Ma ben soggettivo, ben scaturito dallo stesso allucinato cervello di Poe è il terrore, espresso nelle sue migliori novelle. È Poe, veramente Poe il protagonista del Convegno e di Silenzio e di Ombra e di Morella e di Berenice e di Ligeia e della Rovina della casa Usher: novelle, che rappresentano tragedie interiori, stati d’animo sotto l’ossessione della grande nevrosi. E L’uomo delle folle non è, forse, Poe, Poe in persona, che segue sè stesso, e inutilmente, per scuoprire la segreta faccia del proprio tormento? E William Wilson, l’opera più soggettiva fra tutte, non è l’esasperata raffigurazione della tragedia, che squassa l’anima dello scrittore?

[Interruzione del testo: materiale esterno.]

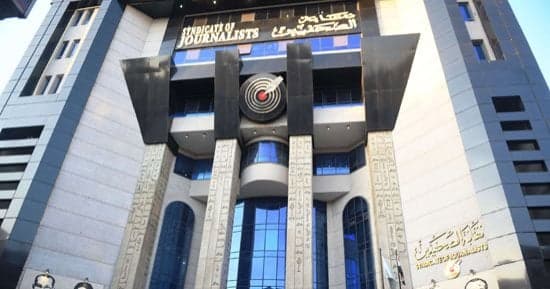 انتخابات التجديد النصفي لنقابة الصحفيين بالإسكندرية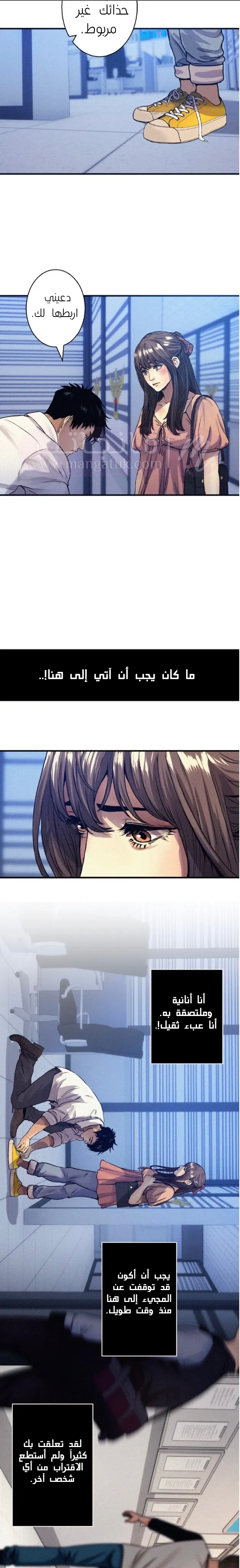 الصفحة 5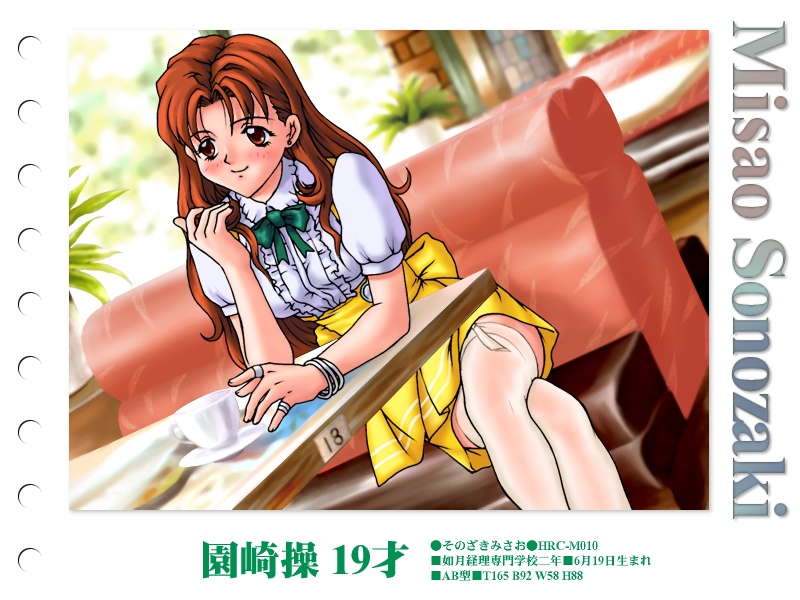 Houkago Renai Club ~koi no Ensemble~ &amp; X'mas pack page 3 full
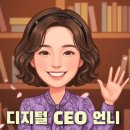 그로잉세일즈 | 아직도 내돈내산?왕초보도 쉽게 블로그 체험단 시작하는 찐노하우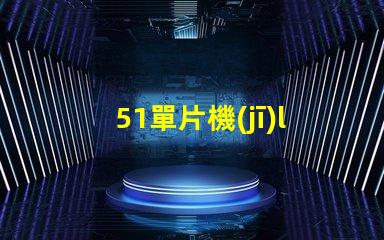 51單片機(jī)led呼吸燈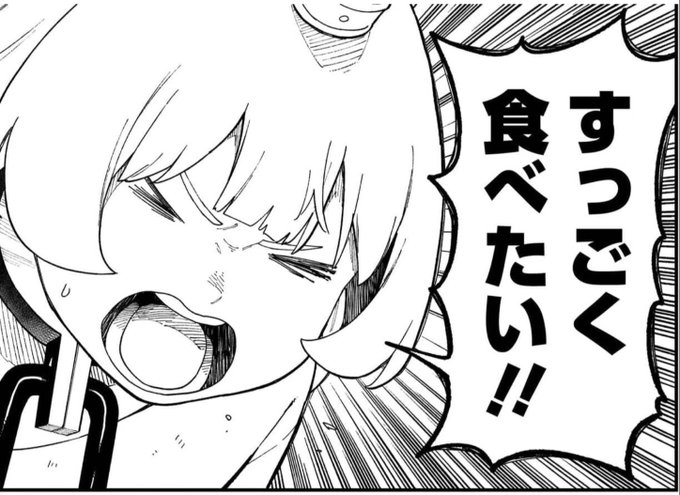 ダイエット中になんてものを見せるンだ。。 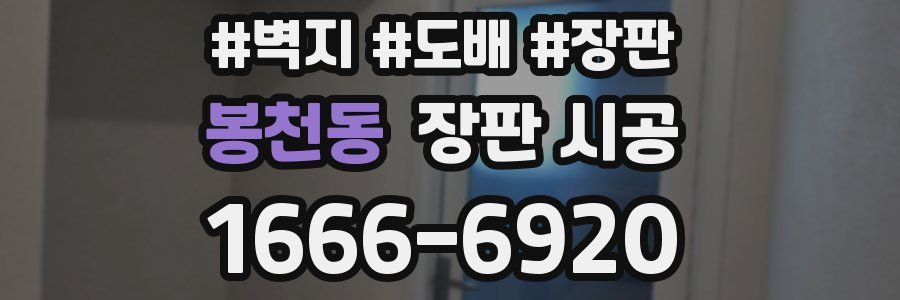 봉천동 장판 시공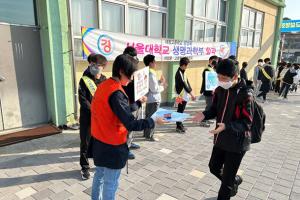 예천군 청소년상담복지센터, 학교폭력예방 아웃리치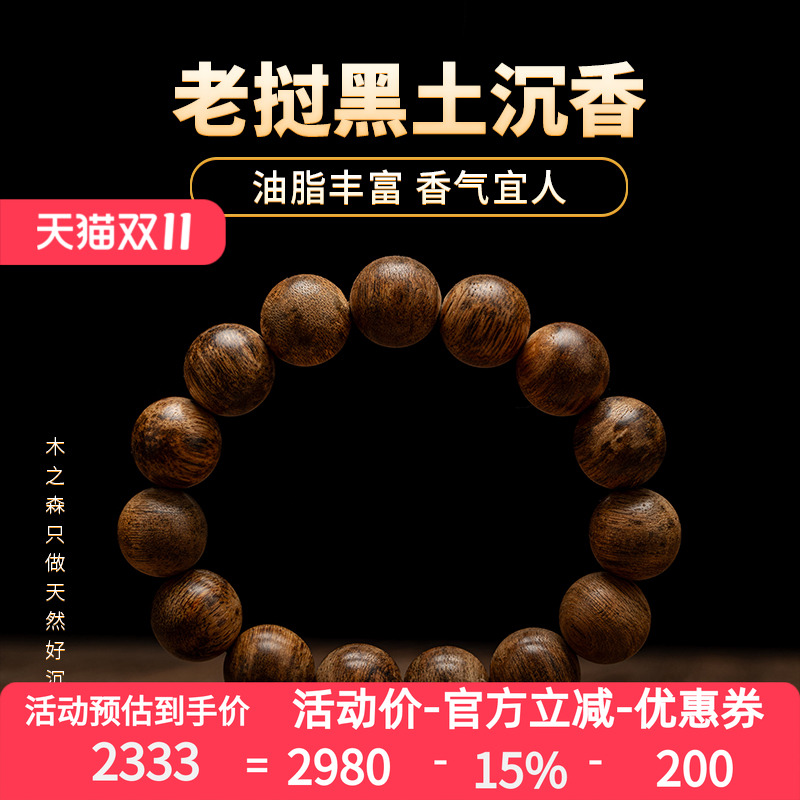 【品相上佳】老挝沉香佛珠手串14mm*15颗天然黑土老料佛珠木手链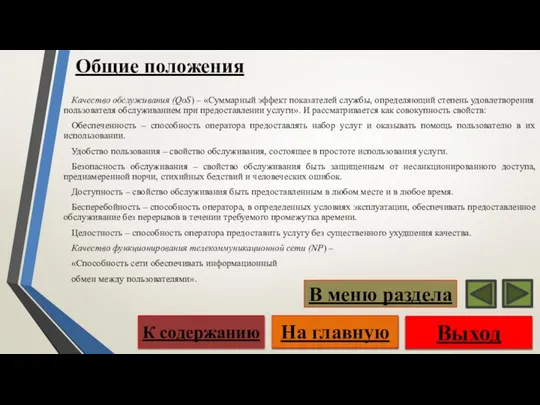 Общие положения Качество обслуживания (QoS) – «Суммарный эффект показателей службы, определяющий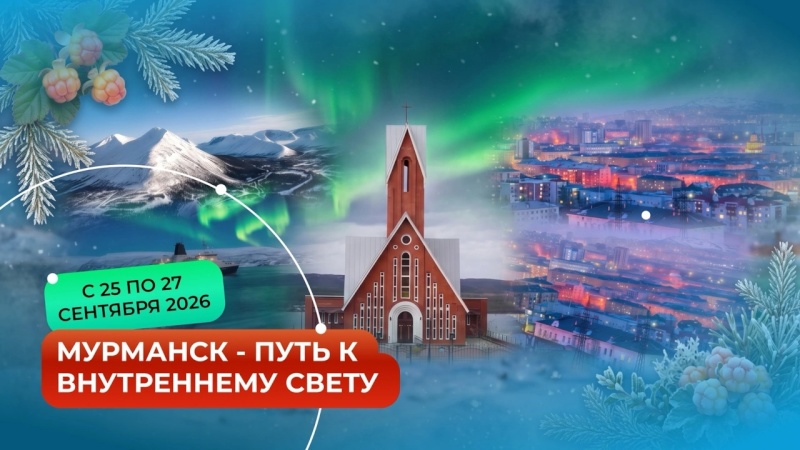 Тур Мурманск - Путь к внутреннему свету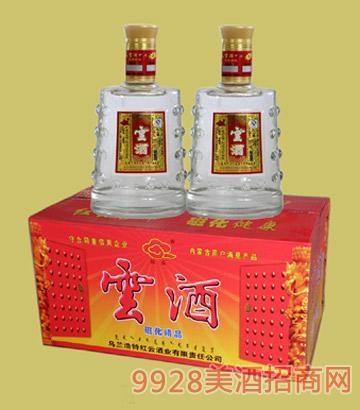 磁化云酒(7两)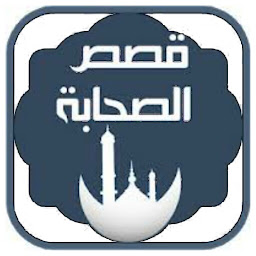 Icon image قصص الصحابة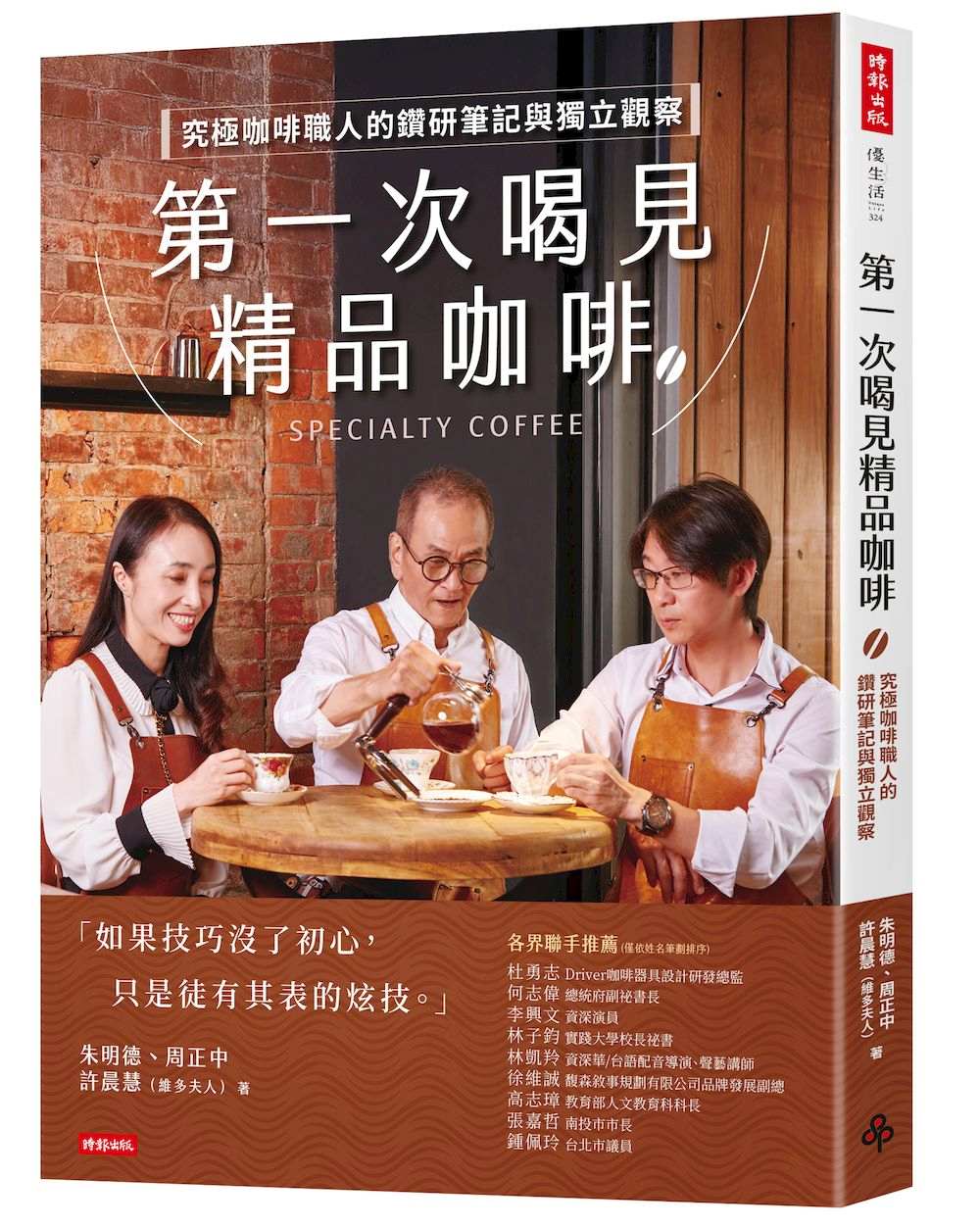 第一次喝見精品咖啡：究極咖啡職人的鑽研筆記與獨立觀察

In William Wilson, però, l’ossessione diventa così intensa e così intollerabile, da dar luogo a un violento gesto liberatore, a un impulso omicida che sopprime, sì, l’incubo, ma nel medesimo istante sopprime anche la terrorizzata vittima di questo. Siamo giunti, così, alle novelle più parossistiche, nel buio regno del demone della perversità. Il terrore si è trasformato in orrore e la tragedia intima, tuffandosi nel sangue, è divenuta tragedia esterna.
Poe, anche qui, non dimentica d’essere un autore americano. Stimolato dal desiderio di analizzare e di rendere evidenti, reali, quasi palpabili i fantasmi della sua anima allucinata, egli s’addentra a spiegare in che consista questa perversità, a definire con precisione quasi scientifica questa forma di nevrosi come uno stimolo prepotente e invincibile, che costringe a compiere un’azione appunto e solo perchè quest’azione non dovrebbe esser compiuta. Ma il gesto impulsivo trova la propria condanna nella stessa nevrosi, da cui fu inspirato. I protagonisti di Cuore rivelatore e del Demone della perversità, eseguito con fredde cautele il delitto, pur sapendosi al riparo da ogni sospettoso sguardo e da ogni pericolo sono inesorabilmente spinti dalla loro eccitata sensibilità a confessare, urlando, la colpa. Ma, se questa confessione espiatrice manchi, lo spaventevole miagolio del Gatto nero, di dentro all’introvabile sepolcro scavato nella muraglia, interviene come la voce stessa, eschilea, del Fato.